= The Wreck of the Deutschland =

1876 ode by G. M. Hopkins, published 1918

The Wreck of the Deutschland is a 35-stanza ode by Gerard Manley Hopkins with Christian themes, composed in 1875 and 1876, though not published until 1918. The poem depicts the shipwreck of the SS Deutschland. Among those killed in the shipwreck were five Franciscan nuns forced to leave Germany by the Falk Laws; the poem is dedicated to their memory.

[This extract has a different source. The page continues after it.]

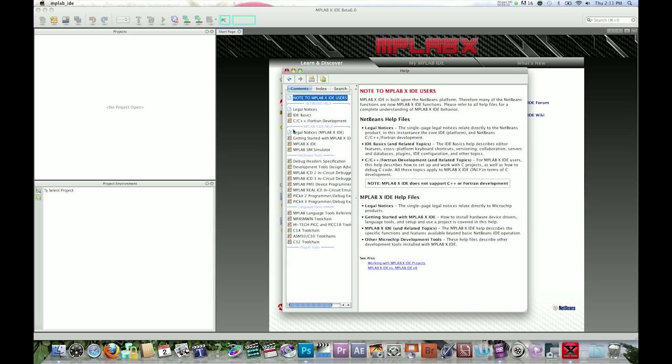It is further broken down into main topics, hardware tools, language tools, and plug-in tools which will only have help if a plug-in is added.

The poem has attracted considerable critical attention, and is often considered Hopkins' masterpiece because of its length, ambition, and use of sprung rhythm and instress.

== Popular culture ==

- Hopkins's struggles while writing the poem form the basis for the Ron Hansen novel Exiles.
- The poem plays a major role in Anthony Burgess' third "Enderby" novel, The Clockwork Testament, or Enderby's End, in which Enderby pitches an idea for a movie adaptation of the poem and produces a script, but the resulting movie bears little resemblance to either his script or to Hopkins's poem.
- Both Hopkins's efforts to write the poem and the real-life events on the Deutschland are the subject of Simon Edge's novel The Hopkins Conundrum.
- The first several lines of the ode are part of a relief sculpture above the door inside the Palace of Nations, the home of the United Nations Office at Geneva.